Ljungan virus (LV) has been implemented as a risk factor for either islet autoimmunity, clinical onset of diabetes in islet autoantibody positive children, or both. LV antibodies (LVA) were associated with insulin autoantibodies (IAA) in young age at onset DQ8-positive type 1 diabetes (T1D) children from Southern Sweden. The specificity of LVA, determined in a radiobinding assay (RBA) with LV cDNA has been questioned as cross-reactivity with human parechovirus could not be excluded. The aim of the present study was to validate and confirm LVA in T1D patients and controls from Northern Sweden using both RBA and an indirect antibody (IgG) capture immunoassay (ACI).
A total of 69 T1D patients newly diagnosed at 1-18 years of age and 294 healthy controls (all 14 years of age) were ascertained in 2005-2011 in the county of Jämtland. LVA were analyzed by RBA and antibodies to a total of 4 LV VP1 (lj), 10 human parechovirus 3 (hpa) and some other hpa peptides analyzed by ACI. A/H1N1 antibodies were also analyzed. Islet autoantibodies (IAA, GADA, IA-2A and ZnT8R,W and QA) were analyzed by IASP harmonized RBA.
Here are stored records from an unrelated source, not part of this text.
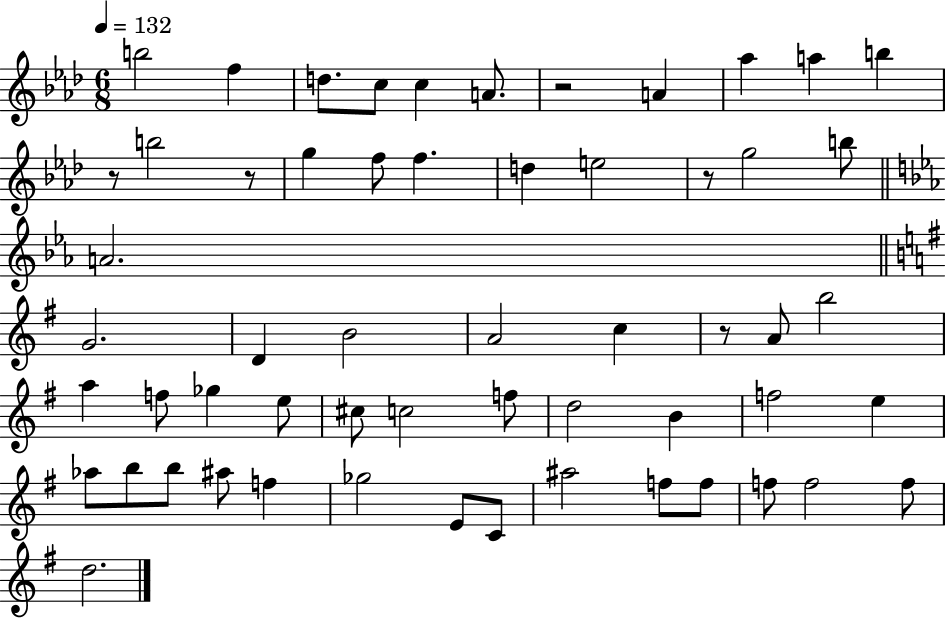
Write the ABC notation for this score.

X:1
T:Untitled
M:6/8
L:1/4
K:Ab
b2 f d/2 c/2 c A/2 z2 A _a a b z/2 b2 z/2 g f/2 f d e2 z/2 g2 b/2 A2 G2 D B2 A2 c z/2 A/2 b2 a f/2 _g e/2 ^c/2 c2 f/2 d2 B f2 e _a/2 b/2 b/2 ^a/2 f _g2 E/2 C/2 ^a2 f/2 f/2 f/2 f2 f/2 d2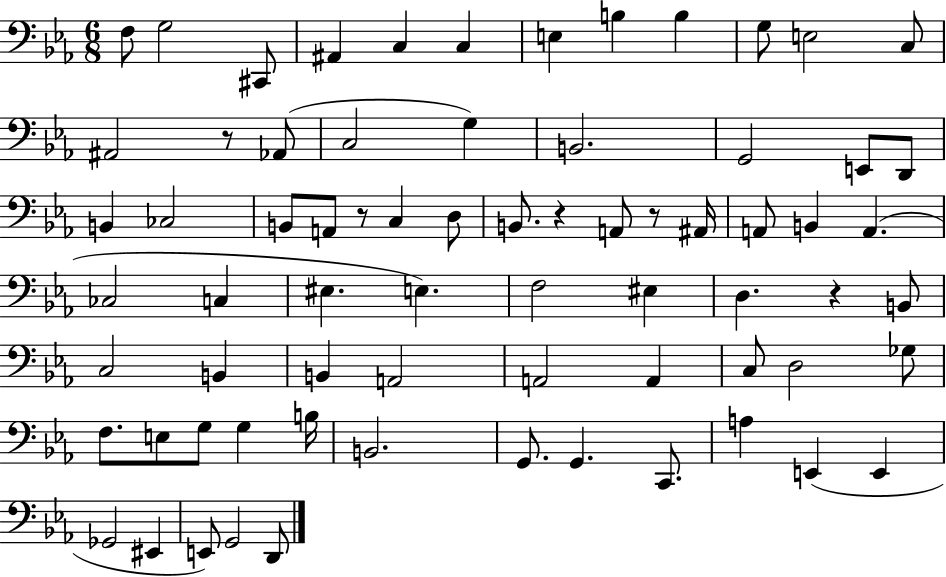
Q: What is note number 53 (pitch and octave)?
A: G3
Also in Northern Swedish subjects, LVA was associated with IAA (p<0.01) and HLA-DQ (p<0.01). Antibodies against the hpa 3 peptides showed significant inter-peptide antibody correlation (p<0.003-0.001) as did the LV peptide (p<0.001) ACI antibodies. ACI antibodies against LV peptide VP1 31-60 correlated to LVA (p<0.009) as did the polyprotein LV peptide 2193-2222 (p<0.001). VP1 31-60 (p<0.007) but not 2193-2222 (p=0.153) correlated to IAA. Among 10 hpa peptides, only VP1 1-30 (p<0.001) and VP1 95-124 (p<0.009) also correlated to LVA. None of these peptide sequences are represented in the LV.
In conclusion, the association between LVA and IAA was confirmed in subjects from Northern Sweden also extended to CIA antibodies against the LV VP1 31-60 peptide.